Odwróciła się twarzą do ściany.
Lyle widział tylko tył jej głowy i długie pasma włosów
opadające na ramiona. Przewrócił się na bok, żeby na nią nie
patrzeć. Kocham ją tak, jak nigdy jeszcze nie kochałem żadnej
kobiety, pomyślał, po czym zmusił się do planowania
następnego dnia i tego, dokąd powinni się udać po zejściu z
promu.
Odgłos kroków Lyle'a wyrwał Nadinę z głębokiego snu.
Otworzył drzwi; niósł materac do swego pokoju. Przez chwilę
żałowała, że nie będzie mogła dłużej pospać, ale przypomniała
sobie Greka i natychmiast usiadła na łóżku.
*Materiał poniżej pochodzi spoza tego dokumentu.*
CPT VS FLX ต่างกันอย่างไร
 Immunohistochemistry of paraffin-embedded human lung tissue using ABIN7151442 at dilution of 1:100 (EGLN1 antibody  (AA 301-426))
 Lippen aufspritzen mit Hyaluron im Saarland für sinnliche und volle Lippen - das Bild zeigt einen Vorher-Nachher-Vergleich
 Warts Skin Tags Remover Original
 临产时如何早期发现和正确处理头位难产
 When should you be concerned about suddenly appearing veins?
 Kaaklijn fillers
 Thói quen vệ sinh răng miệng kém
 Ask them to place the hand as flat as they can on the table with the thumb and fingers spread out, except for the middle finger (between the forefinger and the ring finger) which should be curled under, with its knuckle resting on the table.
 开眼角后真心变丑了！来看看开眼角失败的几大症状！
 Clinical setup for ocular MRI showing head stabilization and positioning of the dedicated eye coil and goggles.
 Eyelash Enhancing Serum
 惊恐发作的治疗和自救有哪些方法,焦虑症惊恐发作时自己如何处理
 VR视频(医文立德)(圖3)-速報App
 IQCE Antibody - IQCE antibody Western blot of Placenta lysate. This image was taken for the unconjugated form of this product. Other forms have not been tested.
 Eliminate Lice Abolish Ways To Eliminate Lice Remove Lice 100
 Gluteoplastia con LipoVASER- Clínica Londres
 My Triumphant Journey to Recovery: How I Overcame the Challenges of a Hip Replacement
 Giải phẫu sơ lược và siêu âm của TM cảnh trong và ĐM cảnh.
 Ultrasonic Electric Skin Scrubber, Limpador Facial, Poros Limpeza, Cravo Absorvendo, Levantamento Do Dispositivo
Zastanawiała się,
czy odzyskał już przytomność. Jeśli zdołał się wyzwolić z pęt,
może zaatakować Lyle'a, gdy ten otworzy drzwi. Przemknęło
jej też przez głowę, że być może Grekowi udało się w nocy
wymknąć z pokoju i teraz zdążył już narobić im kłopotu,
opowiedziawszy właścicielowi i wszystkim, którzy nawinęli
mu się pod rękę, że został brutalnie zaatakowany.
Miała ochotę sprawdzić, czy Grek jeszcze leży w pokoju
Lyle'a, lecz była tylko w nocnej koszuli, a Lyle mógł wrócić
lada moment.
Gdy po chwili wszedł do pokoju, spojrzała na niego
pytającym wzrokiem.
- W porządku - powiedział. - Wciąż jest nieprzytomny i
okropnie chrapie. Im szybciej się ubierzemy i zejdziemy na
dół, tym lepiej!
[ Pobierz całość w formacie PDF ]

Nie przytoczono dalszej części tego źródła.